Data entries:

▼▼▼

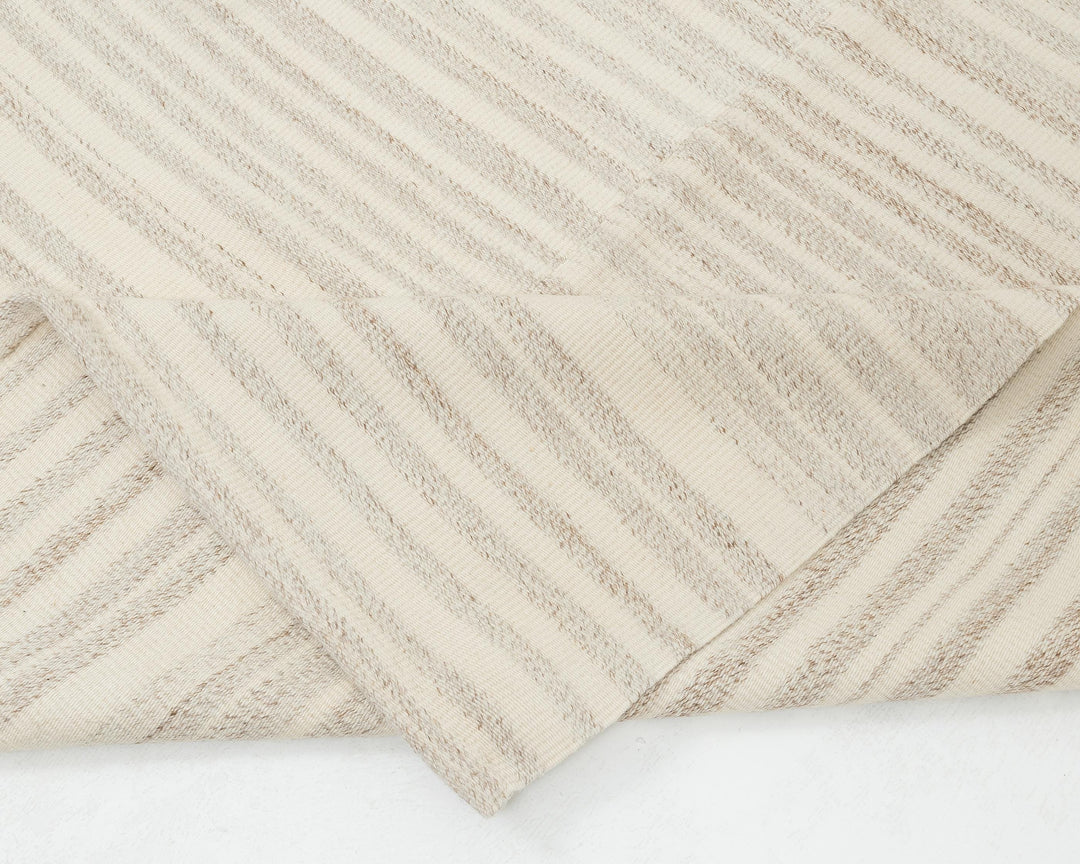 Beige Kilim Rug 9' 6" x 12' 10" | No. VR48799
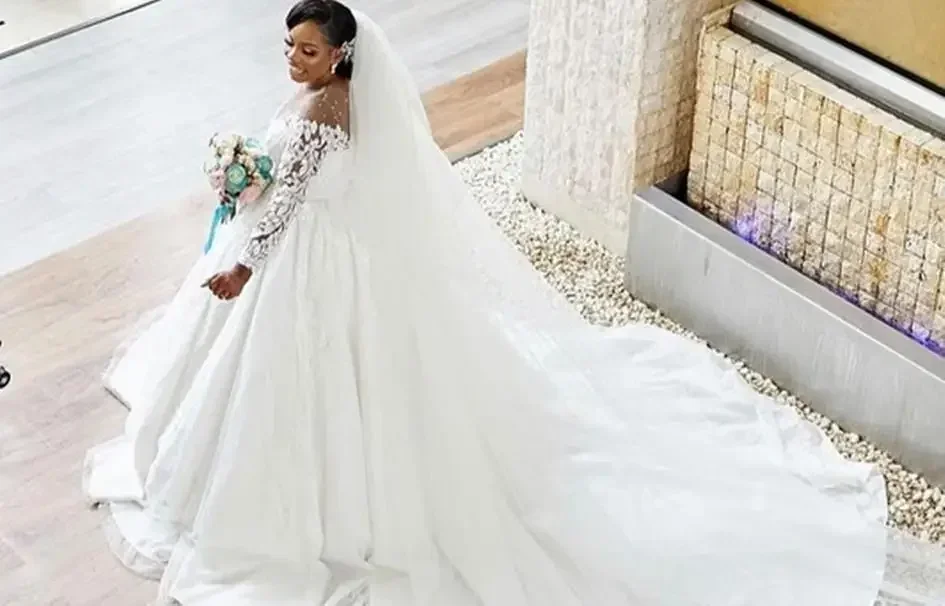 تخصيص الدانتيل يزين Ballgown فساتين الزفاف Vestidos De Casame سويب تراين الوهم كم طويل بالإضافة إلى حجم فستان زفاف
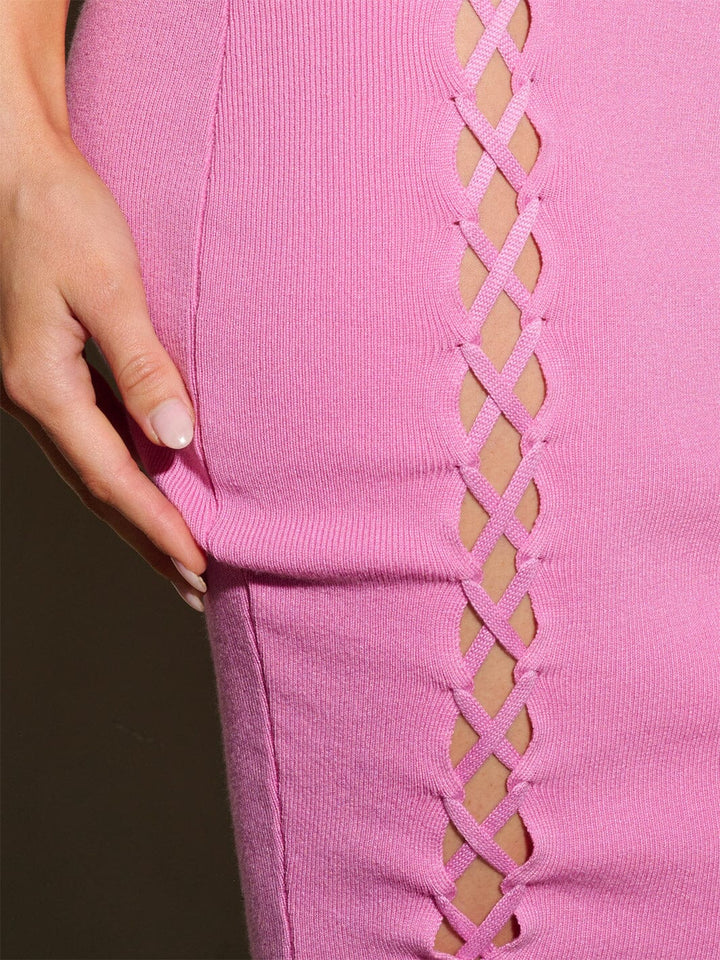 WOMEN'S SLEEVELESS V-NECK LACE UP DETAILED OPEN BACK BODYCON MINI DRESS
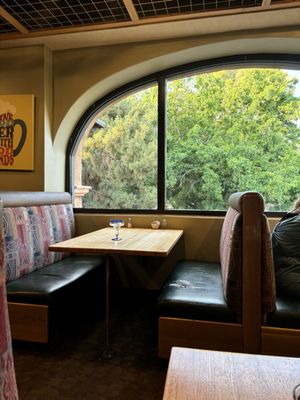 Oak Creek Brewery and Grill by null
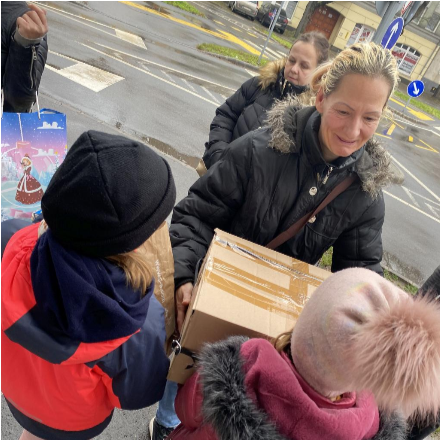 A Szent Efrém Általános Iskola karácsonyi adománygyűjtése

▲▲▲

Task details:
Repeat, exactly and in full, all records above, but include no pictures.

Result for this exercise:
 Beige Kilim Rug 9' 6" x 12' 10" | No. VR48799
 تخصيص الدانتيل يزين Ballgown فساتين الزفاف Vestidos De Casame سويب تراين الوهم كم طويل بالإضافة إلى حجم فستان زفاف
 WOMEN'S SLEEVELESS V-NECK LACE UP DETAILED OPEN BACK BODYCON MINI DRESS
 Oak Creek Brewery and Grill by null
 A Szent Efrém Általános Iskola karácsonyi adománygyűjtése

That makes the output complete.